Making it even more difficult for low-income Americans, the budget puts caps on the amount of private charity that can be deducted for tax purposes. The result will be less private aid for families who need it most.

“Private sources of support are important to most low-income families -- 75.4 percent of respondents received private supports in the year prior to the interview,” the National Poverty Center wrote. “Low income households are most likely to receive this help from families and friends or from a nonprofit charity.”

Rich people can probably live without the charitable deductions, but let’s not lose sight of the people who ultimately benefit from charitable giving: poor people, artists, and academics.

We've government money earmarked to fund NPR, for example, but yet private money will now get penalized for giving too much to NPR, thereby making NPR even more dependent on government funding.

As well as capping charitable deductions, the budget proposes to cap mortgage interest deductions.

“No matter what tax bracket you are in,” Norquist said, “under this Obama provision you can’t benefit any more than if you were in the 28 percent bracket. There are three tax brackets higher than this: 33 percent, 35 percent, and 39.6 percent.”

In addition, Obama proposes tax increases on energy and financial products, which will ultimately end up charged to you at the pump, on your utility bill, or in your bank account.

About 40 percent of the revenue generated by new tax increases will come out of the pockets of middle or lower income families, while at the same time federal spending will grow $2.1 trillion over 10 years, including getting rid of sequester cuts recently forced on the government by an outraged citizenry.

Over 10 years the deficit would still grow by $5.3 trillion under Obama’s budget, growing to 100 percent of economic output by 2020, according to Forbes’ Peter Ferrara. By contrast, if we just did nothing, the deficit would grow substantially, but according to the Congressional Budget Office, would be only 77 percent of GDP by 2023.

And much of that deficit increase will be the result of the tax hike -- with no spending cuts -- Obama insisted on having in January.

“The deficits projected in CBO’s current baseline are significantly larger than the ones in CBO’s baseline of August 2012,” the CBO said. “At that time, CBO projected deficits totaling $2.3 trillion for the 2013–2022 period; in the current baseline, the total deficit for that period has risen by $4.6 trillion.

“That increase stems chiefly from the enactment of the American Taxpayer Relief Act of 2012 (P.L. 112-240), which made changes to tax and spending laws that will boost deficits by a total of $4.0 trillion (excluding debt-service costs) between 2013 and 2022, according to estimates by CBO and the staff of the Joint Committee on Taxation.”
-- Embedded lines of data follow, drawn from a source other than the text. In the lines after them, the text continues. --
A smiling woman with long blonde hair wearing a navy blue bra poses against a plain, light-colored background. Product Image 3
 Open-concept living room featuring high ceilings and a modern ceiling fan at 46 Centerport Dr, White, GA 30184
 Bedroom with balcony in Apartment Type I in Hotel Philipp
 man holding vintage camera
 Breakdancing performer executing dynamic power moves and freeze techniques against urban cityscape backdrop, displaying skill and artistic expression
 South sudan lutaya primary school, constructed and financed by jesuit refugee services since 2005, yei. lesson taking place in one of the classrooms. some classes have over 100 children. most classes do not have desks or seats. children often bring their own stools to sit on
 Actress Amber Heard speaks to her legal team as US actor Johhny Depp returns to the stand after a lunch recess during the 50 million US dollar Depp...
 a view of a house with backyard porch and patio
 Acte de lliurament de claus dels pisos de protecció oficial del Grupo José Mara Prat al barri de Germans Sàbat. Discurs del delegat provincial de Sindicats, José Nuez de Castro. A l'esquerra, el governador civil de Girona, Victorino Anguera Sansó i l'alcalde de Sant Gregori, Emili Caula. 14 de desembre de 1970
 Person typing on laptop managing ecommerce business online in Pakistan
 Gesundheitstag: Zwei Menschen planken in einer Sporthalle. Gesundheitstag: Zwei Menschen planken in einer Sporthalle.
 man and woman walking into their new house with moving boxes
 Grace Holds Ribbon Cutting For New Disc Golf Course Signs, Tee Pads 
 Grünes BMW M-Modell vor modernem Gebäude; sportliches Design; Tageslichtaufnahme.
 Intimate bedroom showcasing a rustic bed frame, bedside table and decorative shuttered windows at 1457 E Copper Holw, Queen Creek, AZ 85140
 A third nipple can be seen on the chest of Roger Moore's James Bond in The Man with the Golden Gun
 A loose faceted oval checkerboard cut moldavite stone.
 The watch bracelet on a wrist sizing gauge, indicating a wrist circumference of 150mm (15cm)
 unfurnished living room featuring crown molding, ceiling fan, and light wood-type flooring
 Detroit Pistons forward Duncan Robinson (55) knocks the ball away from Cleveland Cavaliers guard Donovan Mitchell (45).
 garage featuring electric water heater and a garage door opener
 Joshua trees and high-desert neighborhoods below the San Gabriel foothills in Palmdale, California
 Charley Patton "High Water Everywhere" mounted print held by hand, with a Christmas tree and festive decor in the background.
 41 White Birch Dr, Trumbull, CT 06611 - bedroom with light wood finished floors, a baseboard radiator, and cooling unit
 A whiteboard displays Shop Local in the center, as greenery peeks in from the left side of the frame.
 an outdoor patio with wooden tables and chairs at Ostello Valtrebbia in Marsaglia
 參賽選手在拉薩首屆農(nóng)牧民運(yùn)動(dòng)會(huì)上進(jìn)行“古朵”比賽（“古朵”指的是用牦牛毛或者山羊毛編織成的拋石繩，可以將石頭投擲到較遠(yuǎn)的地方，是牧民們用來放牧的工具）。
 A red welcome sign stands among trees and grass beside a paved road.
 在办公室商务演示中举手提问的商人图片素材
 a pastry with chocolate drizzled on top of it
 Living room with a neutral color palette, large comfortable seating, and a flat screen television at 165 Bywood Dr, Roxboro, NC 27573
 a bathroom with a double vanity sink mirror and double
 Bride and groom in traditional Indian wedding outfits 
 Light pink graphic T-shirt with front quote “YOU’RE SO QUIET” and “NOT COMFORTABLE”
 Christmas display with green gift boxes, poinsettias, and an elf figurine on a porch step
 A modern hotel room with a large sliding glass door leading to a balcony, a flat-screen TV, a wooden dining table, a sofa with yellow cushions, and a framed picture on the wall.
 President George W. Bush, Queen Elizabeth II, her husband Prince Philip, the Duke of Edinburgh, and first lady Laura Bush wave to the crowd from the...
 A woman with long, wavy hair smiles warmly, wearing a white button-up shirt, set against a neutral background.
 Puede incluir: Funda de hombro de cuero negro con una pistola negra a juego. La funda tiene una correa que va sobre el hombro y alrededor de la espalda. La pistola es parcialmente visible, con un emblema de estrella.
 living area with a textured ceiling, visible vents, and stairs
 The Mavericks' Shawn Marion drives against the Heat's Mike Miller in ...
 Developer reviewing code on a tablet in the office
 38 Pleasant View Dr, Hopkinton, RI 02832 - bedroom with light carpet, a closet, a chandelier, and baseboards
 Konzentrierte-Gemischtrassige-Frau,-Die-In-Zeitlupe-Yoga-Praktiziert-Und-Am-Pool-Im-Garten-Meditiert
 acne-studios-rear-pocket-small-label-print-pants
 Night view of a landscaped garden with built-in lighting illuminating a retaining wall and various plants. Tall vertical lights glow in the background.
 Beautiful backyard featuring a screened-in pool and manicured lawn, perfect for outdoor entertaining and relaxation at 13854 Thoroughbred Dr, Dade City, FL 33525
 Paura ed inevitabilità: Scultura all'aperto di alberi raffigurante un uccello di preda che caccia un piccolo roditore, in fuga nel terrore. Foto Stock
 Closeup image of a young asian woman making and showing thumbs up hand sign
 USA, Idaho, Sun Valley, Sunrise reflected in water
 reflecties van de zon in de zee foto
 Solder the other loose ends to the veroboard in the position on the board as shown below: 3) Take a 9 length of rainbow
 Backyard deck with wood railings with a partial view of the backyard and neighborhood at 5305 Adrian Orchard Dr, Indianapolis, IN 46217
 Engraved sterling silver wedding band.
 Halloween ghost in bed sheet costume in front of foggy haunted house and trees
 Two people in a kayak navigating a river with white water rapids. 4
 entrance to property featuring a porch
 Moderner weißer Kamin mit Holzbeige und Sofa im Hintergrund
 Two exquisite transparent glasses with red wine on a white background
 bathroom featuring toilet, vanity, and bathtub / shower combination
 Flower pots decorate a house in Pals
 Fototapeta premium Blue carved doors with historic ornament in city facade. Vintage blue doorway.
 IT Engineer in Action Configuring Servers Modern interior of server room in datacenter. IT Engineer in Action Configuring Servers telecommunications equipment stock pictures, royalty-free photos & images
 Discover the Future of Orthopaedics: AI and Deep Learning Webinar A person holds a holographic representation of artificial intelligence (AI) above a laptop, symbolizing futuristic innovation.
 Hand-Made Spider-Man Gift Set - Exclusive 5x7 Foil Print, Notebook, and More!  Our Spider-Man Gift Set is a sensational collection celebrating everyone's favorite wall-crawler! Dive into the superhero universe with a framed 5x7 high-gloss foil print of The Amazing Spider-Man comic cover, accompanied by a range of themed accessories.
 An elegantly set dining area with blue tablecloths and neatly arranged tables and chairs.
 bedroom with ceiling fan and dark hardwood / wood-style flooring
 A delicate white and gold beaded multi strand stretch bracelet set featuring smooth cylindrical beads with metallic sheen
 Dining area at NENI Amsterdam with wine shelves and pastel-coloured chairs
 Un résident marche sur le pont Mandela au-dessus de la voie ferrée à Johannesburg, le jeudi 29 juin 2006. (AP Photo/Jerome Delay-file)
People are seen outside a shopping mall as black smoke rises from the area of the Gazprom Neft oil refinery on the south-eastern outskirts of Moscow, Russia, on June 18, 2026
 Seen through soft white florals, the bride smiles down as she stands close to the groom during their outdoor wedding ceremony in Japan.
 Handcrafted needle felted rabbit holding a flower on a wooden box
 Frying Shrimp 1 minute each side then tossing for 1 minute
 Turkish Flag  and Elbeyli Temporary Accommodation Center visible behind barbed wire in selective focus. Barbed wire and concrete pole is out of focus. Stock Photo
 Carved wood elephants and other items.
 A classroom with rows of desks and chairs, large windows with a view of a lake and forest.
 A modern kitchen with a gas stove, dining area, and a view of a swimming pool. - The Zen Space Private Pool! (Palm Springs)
So in others words, the American Taxpayer Relief Act of 2012 raised taxes on everyone while increasing the projected deficit by $4.6 trillion. If you loved that taxpayer “relief,” you will certainly love Obama’s budget. It includes a tax increase for every home.

John Ransom is finance editor at Townhall.com and the host of Ransom Notes, a nationally syndicated radio show covering the connection between politics and finance.